Nature is encouraging researchers at each profession stage within the fields of science, expertise, engineering and arithmetic to take part in its sixth wage and job-satisfaction survey. Created in partnership with Shift Learning, a London-based analysis consultancy, the survey is obtainable at https://go.nature.com/2tdgdt0 and can run on-line from 7 June to 4 July.
Nature’s most up-to-date wage and satisfaction survey, printed in 2018, drew responses from greater than 6,400 researchers all over the world, and the aim for this yr is a good larger turnout, says Karen H. Kaplan, senior editor of Nature Careers, who relies in Washington DC. “This year is a crucial time in the lives and careers of many researchers,” she says. “With so much uncertainty in the wake of the pandemic and other issues, we want to learn how our readers are faring.” To enhance the worldwide scope of responses, the survey might be accessible in English, Chinese, French, Portuguese and Spanish.
The 2021 survey contains questions on wage and advantages, profession satisfaction and a wide range of quality-of-life points, together with psychological well being and situations of bullying and harassment. It may also handle the impacts of the COVID-19 pandemic, together with wage freezes, cancelled job affords and postponed experiments and fieldwork. Free-text questions will give respondents an opportunity to share their ideas, issues and recommendation on matters of their selecting. These solutions present a number of the most vital insights into the realities of a scientific profession, Kaplan says.
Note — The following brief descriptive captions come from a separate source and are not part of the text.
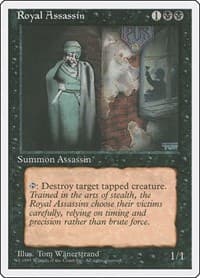 Royal Assassin - Fourth Edition - Magic: The Gathering card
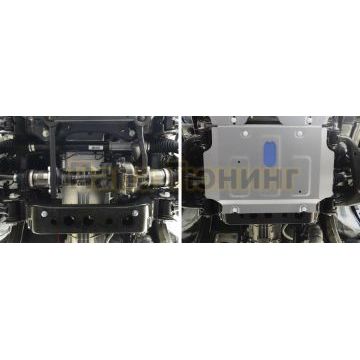 Защита КПП + коплект крепежа Rival алюминий 4 мм для Jac T6 V-2.0 2018-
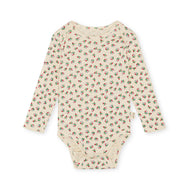 CLASSIC LS BODY GOTS / コンゲススロイド ベビーロンパース オーガニックコットン100% 3色のお花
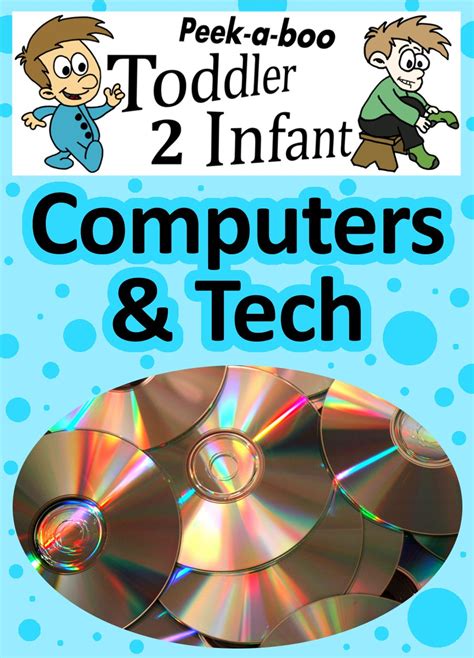 Computer Tech Peekaboo Toddler 2 Infant Kids Flashcard Peekaboo Books Childrens Everyday Learning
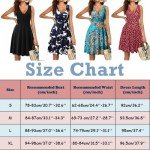 INIBUD Womens Summer Dress Wrap V-Neck Sleeveless Sundress Casual A Line Flare Tank Midi Dress with Pockets (Blue02,M)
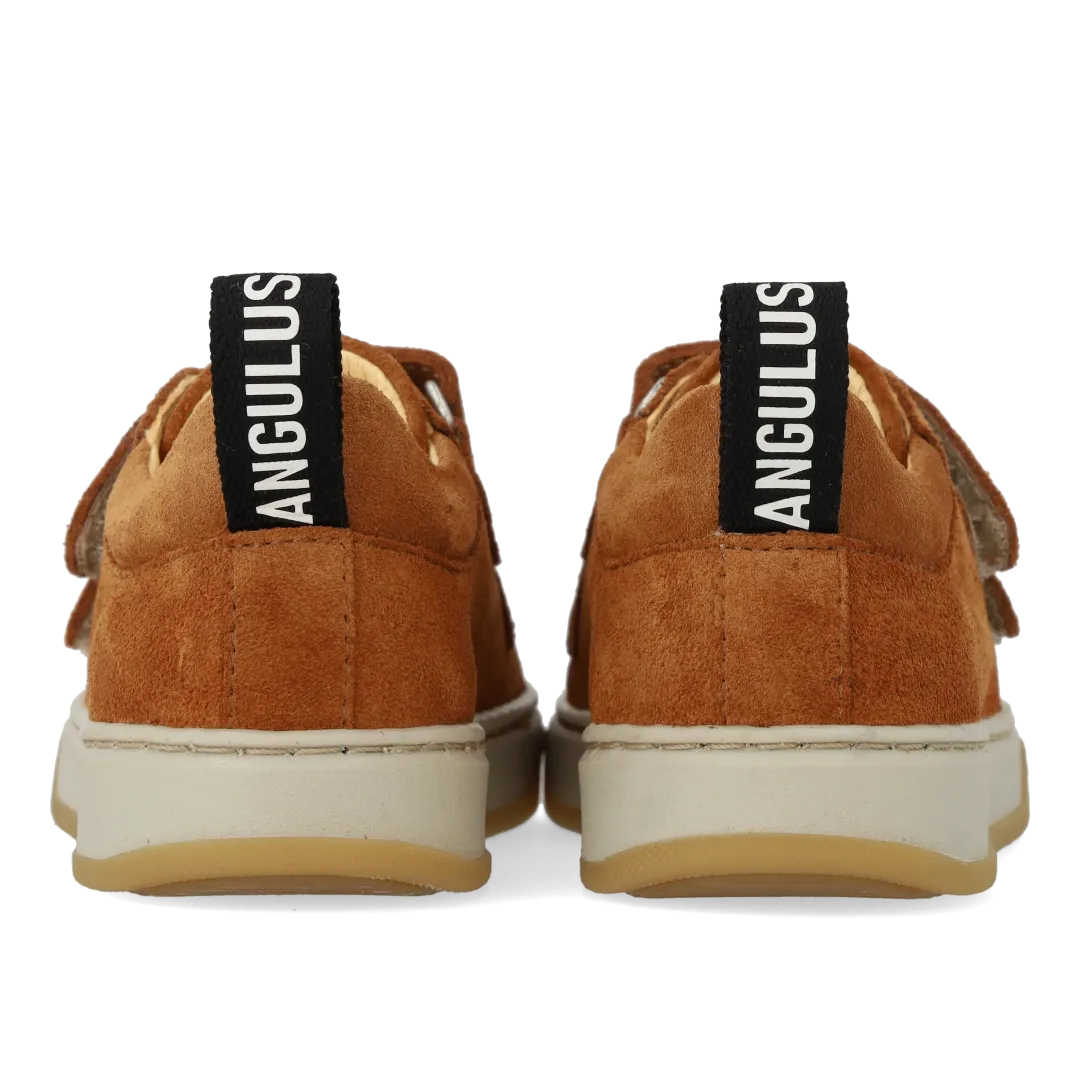 Angulus Sneaker med logobånd børnesneaker velcro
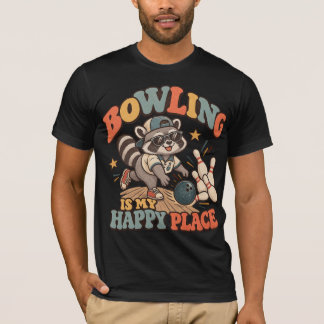 Funny Bowling Racoon T-Shirt – Vintage Lane Fun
Survey outcomes might be made accessible in a web based database later this yr, and Nature will cowl them in a sequence of characteristic tales beginning in September. As in earlier years, the tales will embrace interviews with chosen respondents who agree to debate their conditions. It’s vital to trace knowledge on salaries and different measures of a analysis profession, however conversations with scientists are additionally essential, Kaplan says. “Hearing directly from the people behind the numbers helps to put everything into perspective,” she says.
Kaplan says that the survey outcomes will assist to information Nature Careers’ protection of points dealing with scientists at each stage of their skilled lives. “We’re especially interested in identifying and addressing the barriers that keep researchers from reaching their career goals and making their full contributions to science,” she says. “The survey will point us in the right direction.”